▸ Exercise data
□ □ □ □ □

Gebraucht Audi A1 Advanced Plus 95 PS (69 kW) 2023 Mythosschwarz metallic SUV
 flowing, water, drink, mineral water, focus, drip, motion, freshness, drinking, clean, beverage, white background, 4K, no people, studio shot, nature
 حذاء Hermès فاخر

□ □ □ □ □

▸ Your instructions
Reprint the entire listing exactly.

▸ Result of the exercise
Gebraucht Audi A1 Advanced Plus 95 PS (69 kW) 2023 Mythosschwarz metallic SUV
 flowing, water, drink, mineral water, focus, drip, motion, freshness, drinking, clean, beverage, white background, 4K, no people, studio shot, nature
 حذاء Hermès فاخر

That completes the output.